En segundo lugar, falta demostrar que el riesgo de fraude es efectivamente mayor en Costa Rica que en otras naciones, donde la comisión es más baja. Pero aún más importante sería demostrar que el riesgo de fraude con tarjetas de débito es tanto que la comisión necesaria para enfrentarlo se equipara con las operaciones de crédito. La explicación de la industria solo tendría sentido si el riesgo financiero es el mismo y eso es difícil de creer.

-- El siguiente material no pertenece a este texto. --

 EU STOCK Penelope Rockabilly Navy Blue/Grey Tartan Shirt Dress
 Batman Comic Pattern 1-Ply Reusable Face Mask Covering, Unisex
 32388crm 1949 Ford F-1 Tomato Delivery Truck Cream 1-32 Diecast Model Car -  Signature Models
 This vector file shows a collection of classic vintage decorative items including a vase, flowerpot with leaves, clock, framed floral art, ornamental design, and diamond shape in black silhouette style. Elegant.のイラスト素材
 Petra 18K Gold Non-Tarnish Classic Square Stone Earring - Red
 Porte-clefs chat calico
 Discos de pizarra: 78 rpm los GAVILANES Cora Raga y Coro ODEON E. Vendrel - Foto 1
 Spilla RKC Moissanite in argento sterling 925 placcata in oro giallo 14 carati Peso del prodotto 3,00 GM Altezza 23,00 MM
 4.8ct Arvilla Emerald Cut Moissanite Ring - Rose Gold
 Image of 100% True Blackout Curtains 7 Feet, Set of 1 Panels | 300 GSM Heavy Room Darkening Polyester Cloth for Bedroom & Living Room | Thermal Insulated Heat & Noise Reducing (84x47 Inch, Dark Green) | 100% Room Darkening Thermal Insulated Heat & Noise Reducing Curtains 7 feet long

Por las mismas razones, es inaceptable el argumento de que ambos tipos de tarjetas son medios de pago y por tanto las comisiones deben ser iguales. Ambas son medios de pago, pero la operación subyacente es radicalmente distinta. En ese sentido, también conviene recordar que el cheque es un medio de pago y no por eso se le da trato de tarjeta.
Por otra parte, las marcas internacionales niegan la imposición de comisiones y, en palabras de una de ellas, “estos cargos son fijados por los bancos en cada país”. La verdad es que en atención al tipo de operación subyacente, en el caso de las tarjetas de débito se podría hasta pensar en un esquema de comisión fija por transacción, en vez de un porcentaje sobre el monto total de la compra, que, injustificadamente, encarece transacciones que, en el fondo, son en efectivo.
En cualquier caso, la falta de diferenciación entre tarjetas de crédito y débito es solo un aspecto del problema, una circunstancia agravante del tema de fondo, que son las altas comisiones pagadas, a fin de cuentas, por el consumidor costarricense. Esas comisiones constan de dos componentes: la comisión de intercambio, que es el porcentaje pagado a la empresa dueña de la tarjeta (banco adquiriente) y la comisión cobrada por el banco emisor de la tarjeta.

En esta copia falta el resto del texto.